Reputation: 12080
Decoding a byte stream into a text stream is easy:
import io
f = io.TextIOWrapper(io.BytesIO(b'Test\nTest\n'), 'utf-8')
f.readline()
In this example, io.BytesIO(b'Test\nTest\n')
is a byte stream and f
is a text stream.
I want to do exactly the opposite of that. Given a text stream or file-like object, I would like to encode it into a byte stream or file-like object without processing the entire stream.
This is what I've tried so far:
import io, codecs
f = codecs.getreader('utf-8')(io.StringIO('Test\nTest\n'))
f.readline()
# TypeError: can't concat str to bytes
f = codecs.EncodedFile(io.StringIO('Test\nTest\n'), 'utf-8')
f.readline()
# TypeError: can't concat str to bytes
f = codecs.StreamRecoder(io.StringIO('Test\nTest\n'), None, None,
codecs.getreader('utf-8'), codecs.getwriter('utf-8'))
# TypeError: can't concat str to bytes
f = codecs.encode(io.StringIO('Test\nTest\n'), 'utf-8')
# TypeError: utf_8_encode() argument 1 must be str, not _io.StringIO
f = io.TextIOWrapper(io.StringIO('Test\nTest\n'), 'utf-8')
f.readline()
# TypeError: underlying read() should have returned a bytes-like object, not 'str'
f = codecs.iterencode(io.StringIO('Test\nTest\n'), 'utf-8')
next(f)
# This works, but it's an iterator instead of a file-like object or stream.

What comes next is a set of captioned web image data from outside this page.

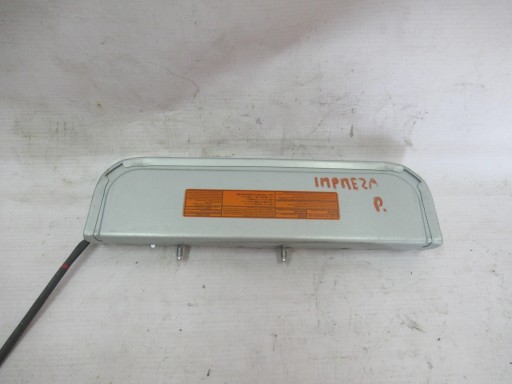 AIRBAG NOSAČ  DESNI SJEDALO SUBARU IMPREZA III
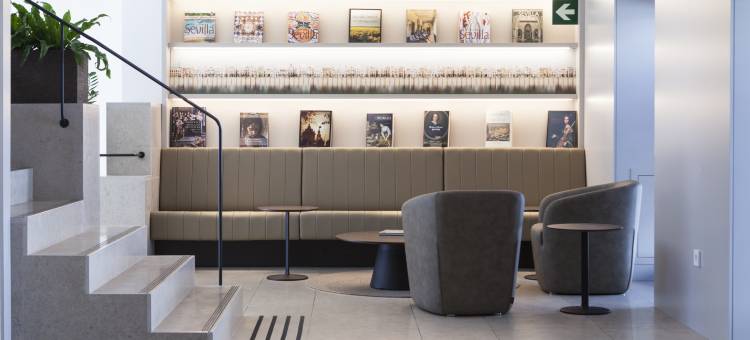 奇维尔酒店(Hotel Kivir)图片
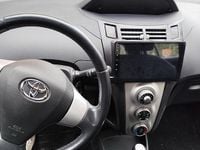 Usata Toyota Yaris 90 CV (66 kW) 2007 Berlina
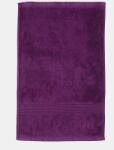 HUGO BOSS pamut törölköző Loft Dalhia 40 x 60 cm - lila Univerzális méret
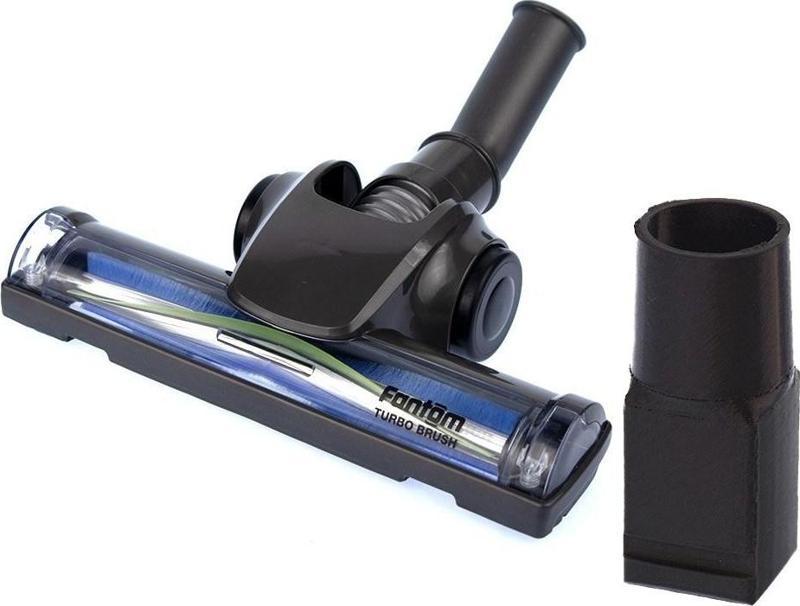 Magic P3000 / Provac P5000 Fantom ile Uyumlu Turbo Başlık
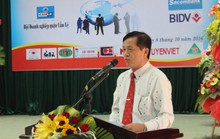 Đà Nẵng cảnh cáo Chủ tịch UBND quận Cẩm Lệ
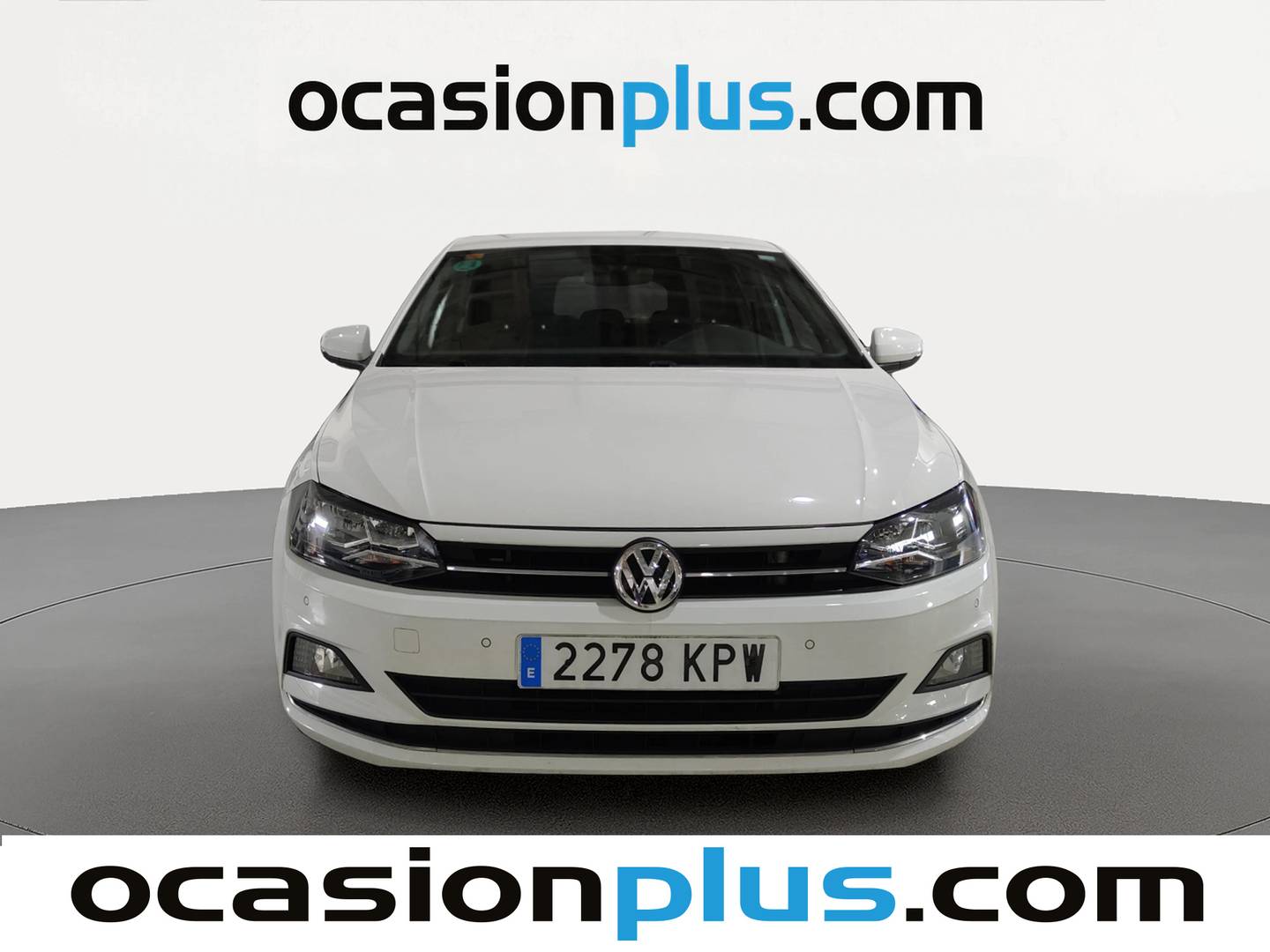 Volkswagen Polo Volkswagen Polo Sport 1.0 TSI(115 CV) 115cv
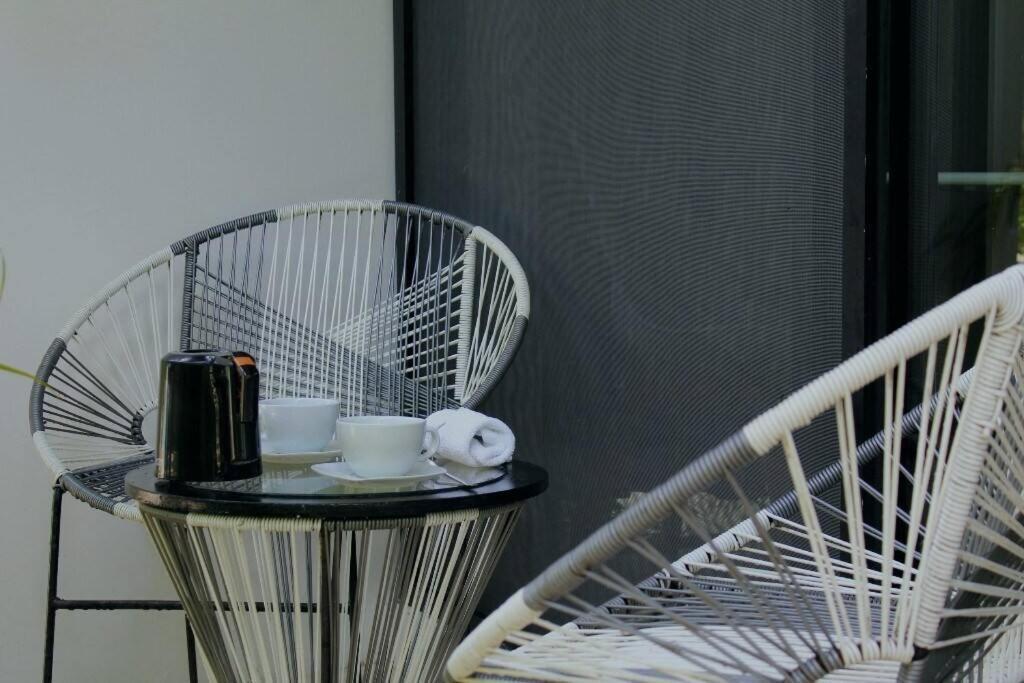 Apartamento Luxury Casita Oleaje *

f = io.BytesIO(io.StringIO('Test\nTest\n').getvalue().encode('utf-8'))
f.readline()
# This works, but I'm reading the whole stream before converting it.
I'm using Python 3.7
Upvotes: 12
Views: 5721
Reputation: 365597
You can write this yourself pretty easily; you just need to decide how you want to do the buffering.
For example:
class BytesIOWrapper(io.RawIOBase):
def __init__(self, file, encoding='utf-8', errors='strict'):
self.file, self.encoding, self.errors = file, encoding, errors
self.buf = b''
def readinto(self, buf):
if not self.buf:
self.buf = self.file.read(4096).encode(self.encoding, self.errors)
if not self.buf:
return 0
length = min(len(buf), len(self.buf))
buf[:length] = self.buf[:length]
self.buf = self.buf[length:]
return length
def readable():
return True
I think this is exactly what you were asking for.

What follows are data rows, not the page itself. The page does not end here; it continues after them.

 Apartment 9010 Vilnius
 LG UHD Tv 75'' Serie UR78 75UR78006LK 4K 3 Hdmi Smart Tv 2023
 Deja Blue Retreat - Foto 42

>>> f = BytesIOWrapper(io.StringIO("Test\nTest\n"))
>>> f.readline()
b'Test\n'
>>> f.readline()
b'Test\n'
>>> f.readline()
b''
If you want to get cleverer, you probably want to wrap a codecs.iterencode
rather than buffering 4K at a time. Or, since we're using a buffer, you might want to create a BufferedIOBase
instead of a RawIOBase
. Also, a class named BytesIOWrapper
probably ought to handle write
, but that's the easy part. The hard part would be implementing seek
/tell
, since you can't seek arbitrarily within a TextIOBase
; making seeking to start and end is pretty easy; seeking to known previous positions, on the other hand, is hard (unless you rely on the TextIOBase.tell
returning a byte position—which it's not guaranteed to do, and, while TextIOWrapper
does, StringIO
doesn't…).
Anyway, I think this is the simplest demonstration of how to write even the most complicated kind of io
class.
Upvotes: 7